* **Records to process**

┄┄┄┄┄┄┄┄┄┄

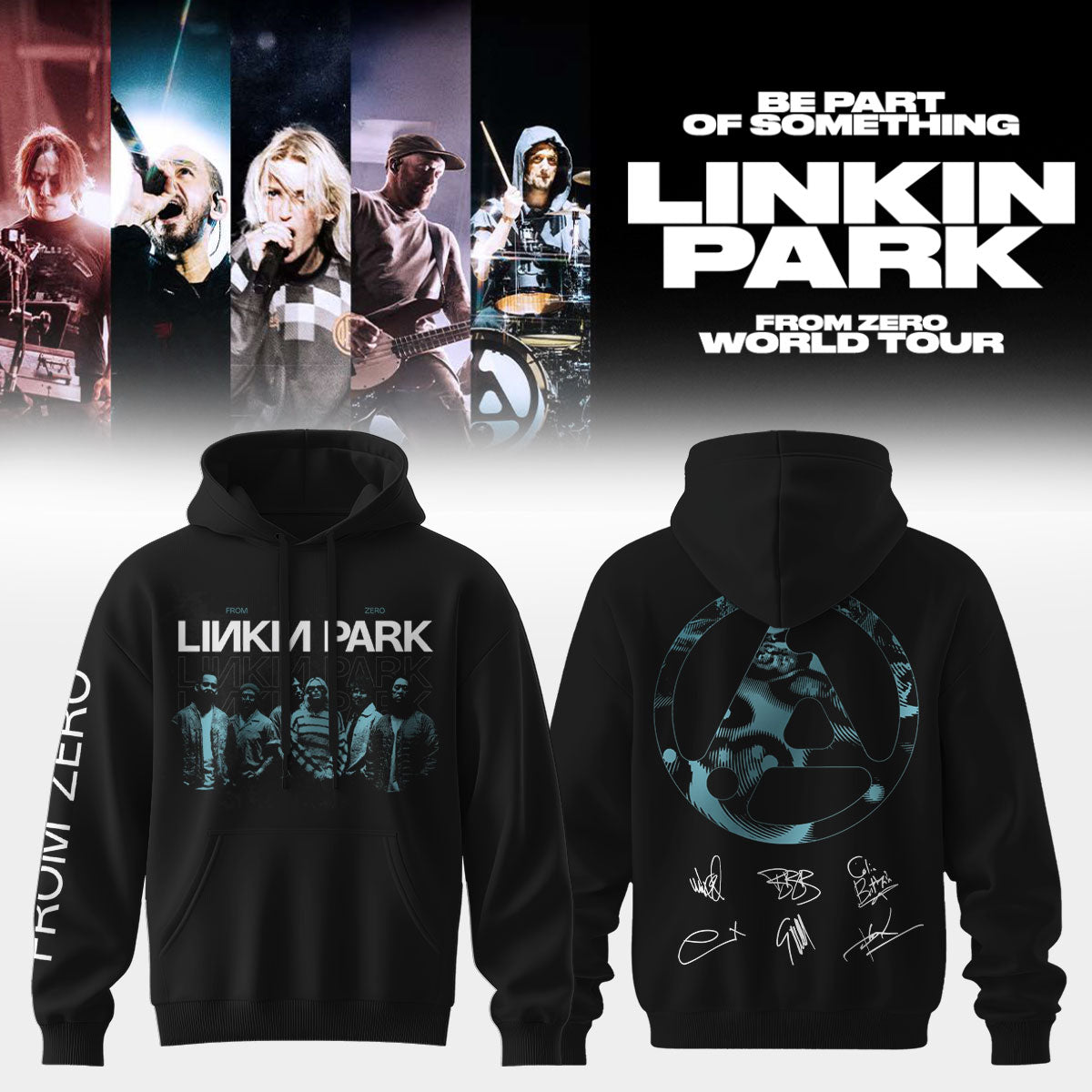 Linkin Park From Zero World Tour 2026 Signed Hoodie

┄┄┄┄┄┄┄┄┄┄

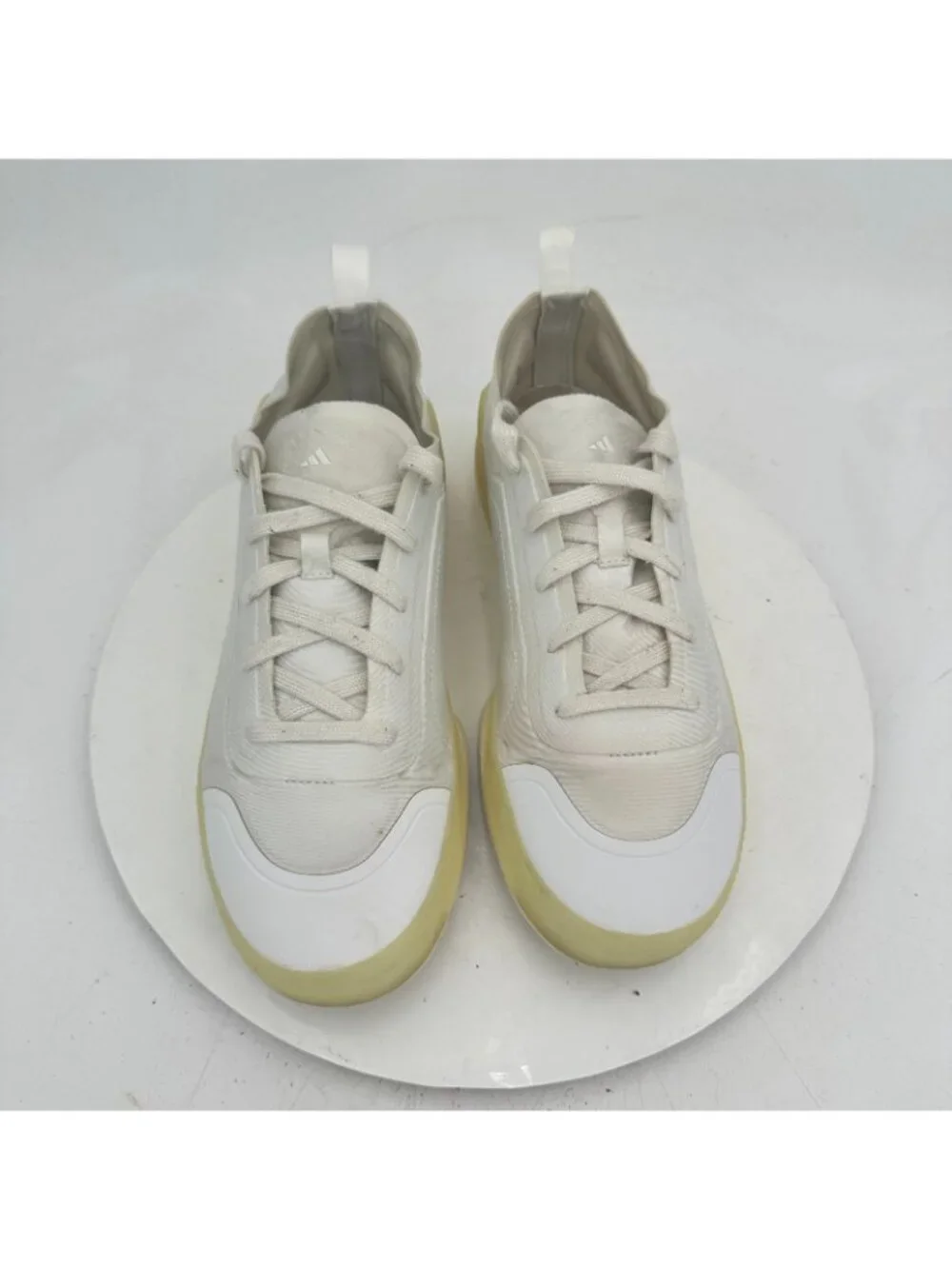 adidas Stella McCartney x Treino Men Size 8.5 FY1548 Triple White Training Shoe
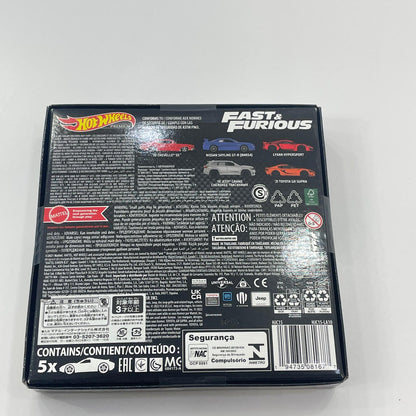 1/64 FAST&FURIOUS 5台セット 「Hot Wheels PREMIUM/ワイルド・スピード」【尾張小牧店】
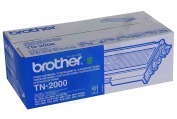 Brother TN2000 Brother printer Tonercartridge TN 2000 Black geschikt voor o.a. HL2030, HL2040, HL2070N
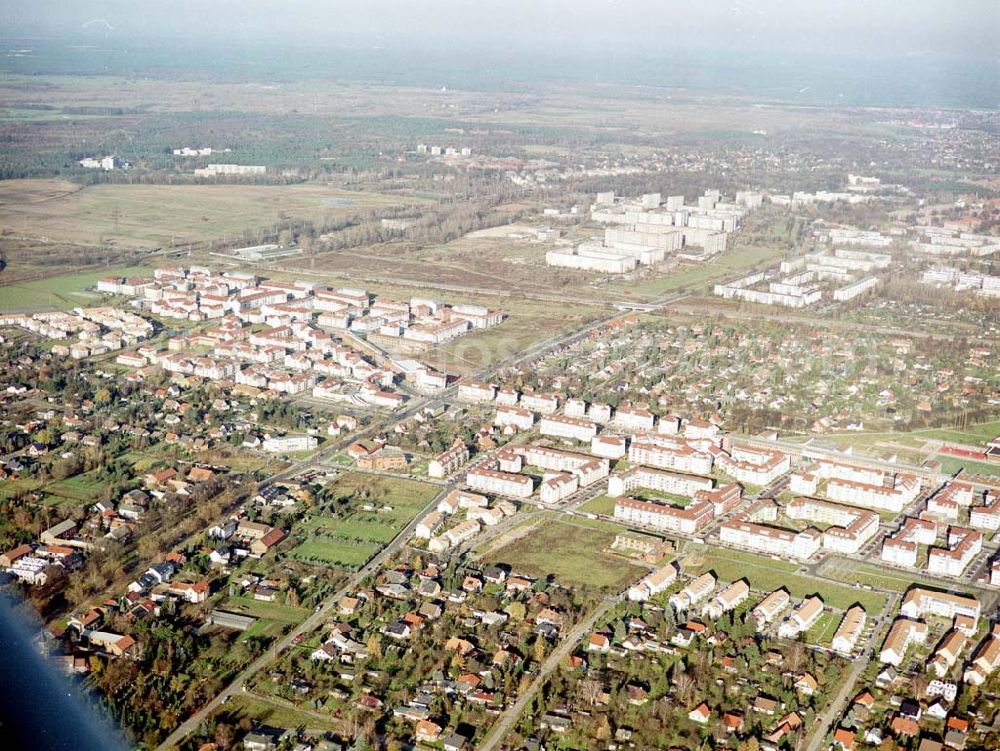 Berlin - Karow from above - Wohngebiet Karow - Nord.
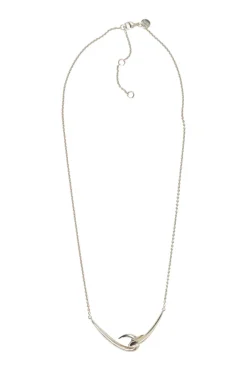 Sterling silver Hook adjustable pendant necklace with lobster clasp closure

┄┄┄┄┄┄┄┄┄┄

Going by the data above, the answer is exactly the lines from the one holding "Berlin - Karow" to the one holding "Sterling silver Hook", both kept, with the pictures left out.

 Berlin - Karow from above - Wohngebiet Karow - Nord.
 Sterling silver Hook adjustable pendant necklace with lobster clasp closure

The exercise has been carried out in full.